Whether it is the business of cut flowers, raising saplings in nurseries, growing bulbs, producing seeds or processing extracts, floriculture fetches high returns. But conditions apply. This field needs an isolated vast area, water that is not saline, specialised training, skilled labour, and the owner’s hands-on involvement.
HOW THEY GREW
“Diversification in floriculture has been limited so far because it is labour and technology intensive, needs a vast field to avoid cross-pollination and is demand driven. The demand for flowers is catching up slowly so progressive farmers are warming up to this niche crop,” says Ajmer Singh, the head of the department of floriculture at Punjab Agricultural University (PAU), Ludhiana.

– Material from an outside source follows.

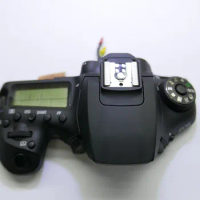 90% New Repair Parts For Canon EOS 90D SLR Top Cover Ass'y With Mode Dial And Control Panel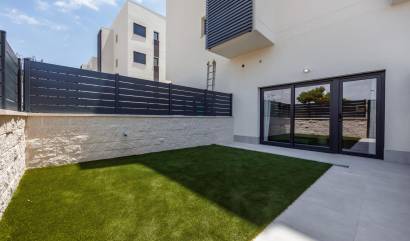 New Build - Apartment - Villajoyosa - Gasparot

For those keen on adopting this field, the three national award-winning floriculturists of Patiala district suggest starting out small. Avtar Singh began with floriculture in 3.5 acres of the 18-acre ancestral land in 1985. “Start with an acre as you need to be directly involved even if you have trained labour. I drive down from my home in Ludhiana daily because I can’t ignore my flowers for even two days between October and May,” he says.
A mechanical engineer-turned-floriculturist Gurpreet Singh Shergill, who owns 36 acres at Mujhal Khurd, 15km from Patiala on the road to Samana, says, “My father Baldev Singh was a regular farmer who followed the wheat-paddy cycle. When I joined my elder brother Karamjit Singh in farming, we decided to diversify. I equipped myself with knowhow in floriculture, fish farming and beekeeping. We started with an acre of marigold in 1996.”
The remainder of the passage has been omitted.